[Opening Recorded information section]
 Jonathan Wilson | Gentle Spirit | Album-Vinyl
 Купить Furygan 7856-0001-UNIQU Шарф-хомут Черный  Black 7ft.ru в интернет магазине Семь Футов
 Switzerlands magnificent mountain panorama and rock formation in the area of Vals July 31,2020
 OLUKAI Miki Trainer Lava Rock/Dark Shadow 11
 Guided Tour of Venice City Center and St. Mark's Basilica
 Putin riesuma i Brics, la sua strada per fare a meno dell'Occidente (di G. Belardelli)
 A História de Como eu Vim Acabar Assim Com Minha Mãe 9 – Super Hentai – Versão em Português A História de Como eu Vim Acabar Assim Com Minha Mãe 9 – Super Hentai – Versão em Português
[Closing Recorded information section]
Task details
Beginning with the line that has "Switzerlands magnificent mountain", set down every line of the entries above through the final one, unchanged.

Result of the exercise
 Switzerlands magnificent mountain panorama and rock formation in the area of Vals July 31,2020
 OLUKAI Miki Trainer Lava Rock/Dark Shadow 11
 Guided Tour of Venice City Center and St. Mark's Basilica
 Putin riesuma i Brics, la sua strada per fare a meno dell'Occidente (di G. Belardelli)
 A História de Como eu Vim Acabar Assim Com Minha Mãe 9 – Super Hentai – Versão em Português A História de Como eu Vim Acabar Assim Com Minha Mãe 9 – Super Hentai – Versão em Português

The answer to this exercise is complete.